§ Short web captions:
+---+

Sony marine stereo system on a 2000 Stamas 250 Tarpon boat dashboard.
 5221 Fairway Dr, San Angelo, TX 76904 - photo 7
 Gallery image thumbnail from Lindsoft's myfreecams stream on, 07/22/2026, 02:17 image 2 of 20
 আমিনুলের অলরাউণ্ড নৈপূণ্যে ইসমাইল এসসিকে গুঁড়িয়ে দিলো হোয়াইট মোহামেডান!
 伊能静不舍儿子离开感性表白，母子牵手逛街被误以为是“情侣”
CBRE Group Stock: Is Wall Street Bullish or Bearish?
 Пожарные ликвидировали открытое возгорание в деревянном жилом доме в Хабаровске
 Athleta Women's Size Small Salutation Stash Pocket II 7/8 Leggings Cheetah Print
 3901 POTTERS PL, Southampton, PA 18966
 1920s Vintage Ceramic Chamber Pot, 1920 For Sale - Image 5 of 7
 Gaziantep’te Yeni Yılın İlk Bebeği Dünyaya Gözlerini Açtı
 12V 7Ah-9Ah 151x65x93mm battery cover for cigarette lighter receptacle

+---+

§ DIRECTIONS FOR THIS TASK:
The only acceptable answer is the full set of entries, repeated exactly.

§ ANSWER FOR THE TASK:
Sony marine stereo system on a 2000 Stamas 250 Tarpon boat dashboard.
 5221 Fairway Dr, San Angelo, TX 76904 - photo 7
 Gallery image thumbnail from Lindsoft's myfreecams stream on, 07/22/2026, 02:17 image 2 of 20
 আমিনুলের অলরাউণ্ড নৈপূণ্যে ইসমাইল এসসিকে গুঁড়িয়ে দিলো হোয়াইট মোহামেডান!
 伊能静不舍儿子离开感性表白，母子牵手逛街被误以为是“情侣”
CBRE Group Stock: Is Wall Street Bullish or Bearish?
 Пожарные ликвидировали открытое возгорание в деревянном жилом доме в Хабаровске
 Athleta Women's Size Small Salutation Stash Pocket II 7/8 Leggings Cheetah Print
 3901 POTTERS PL, Southampton, PA 18966
 1920s Vintage Ceramic Chamber Pot, 1920 For Sale - Image 5 of 7
 Gaziantep’te Yeni Yılın İlk Bebeği Dünyaya Gözlerini Açtı
 12V 7Ah-9Ah 151x65x93mm battery cover for cigarette lighter receptacle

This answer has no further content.